On 11-05-13 08:48 AM, Aryeh Gregor wrote:
On Fri, May 13, 2011 at 3:31 AM, M. Williamson node.ue@gmail.com wrote:
I still don't think page titles should be case sensitive. Last time I asked how useful this really was, back in 2005 or so, I got a tersely-worded response that we need it to disambiguate certain pages. OK, but how many cases does that actually apply to? I would think that the increased usability from removing case sensitivity would far outweigh the benefit of natural disambiguation that only applies to a tiny minority of pages, and which could easily be replaced with disambiguation pages.

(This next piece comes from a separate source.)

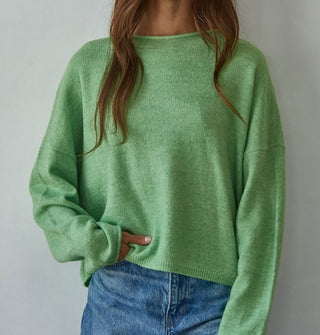 Model wears a slouchy green sweater with rolled boat neckline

From a software perspective, the way to do this would be to store a canonicalized version of each page's title, and require that to be unique instead of the title itself. This would be nice because we could allow underscores in page titles, for instance, in addition to being able to do case-folding.

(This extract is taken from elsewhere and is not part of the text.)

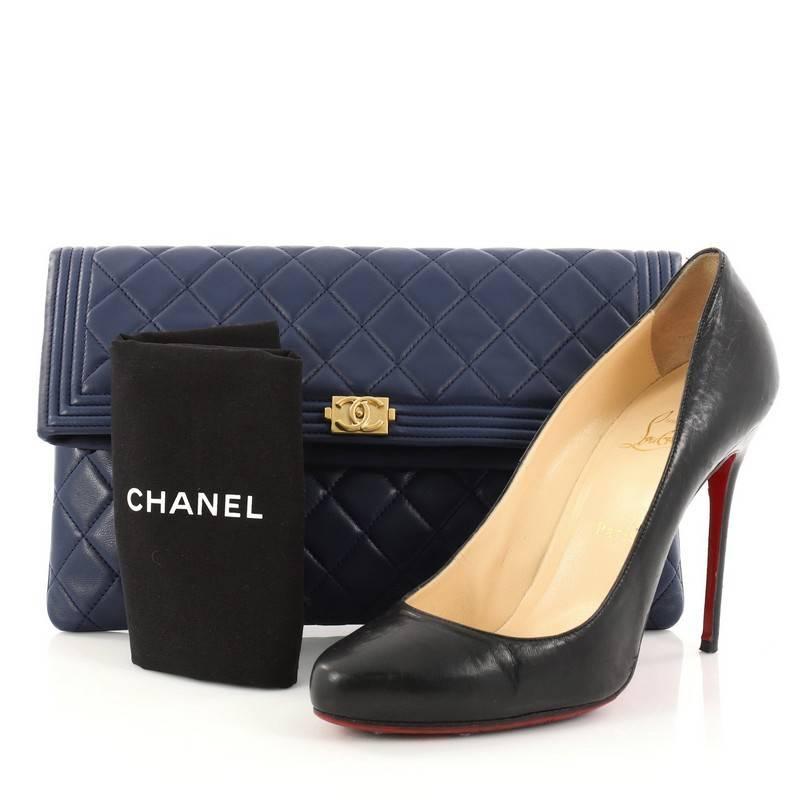 This authentic Chanel Boy Beauty CC Clutch Quilted Lambskin is a stylish clutch perfect for your everyday use. Crafted from supple blue lambskin leather, this oversized clutch features Chanel's diamond stitching, iconic Boy CC logo, and gold-tone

Note that Unicode capitalization is locale-dependent, but case-folding is not. Thus we could use the same case-folding on all projects, including international projects like Commons. There's only one exception -- Turkish, with its dotless and dotted i's. But that's minor enough that we should be able to work around it without too much pain.
Some projects, like probably all Wiktionaries, would doubtless not want case-folding at all, so we should support different canonicalization algorithms. Even the ones that don't want case-folding could still benefit from allowing underscores in titles.

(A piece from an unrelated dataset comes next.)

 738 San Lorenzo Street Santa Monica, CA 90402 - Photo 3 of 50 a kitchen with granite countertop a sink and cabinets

But all this would require a very intrusive rewrite. Assumptions like "replace spaces by underscores to get dbkey" are hardwired into MediaWiki all over the place, unfortunately. It's not clear that it's worth it, since there are downsides to case-folding too. It might make more sense to auto-generate redirects instead, which would be a much easier project that wouldn't have the downsides.
Fortunately I think most of the space/underscore switching done by code is actually isolated to a subset of Title and perhaps a few other core classes (probably ones like User and the filerepo stuff), most code should be using the title interface. When I tried that first rewrite I had more of an issue with the wide use of $user->getName() to test if two user objects were the same.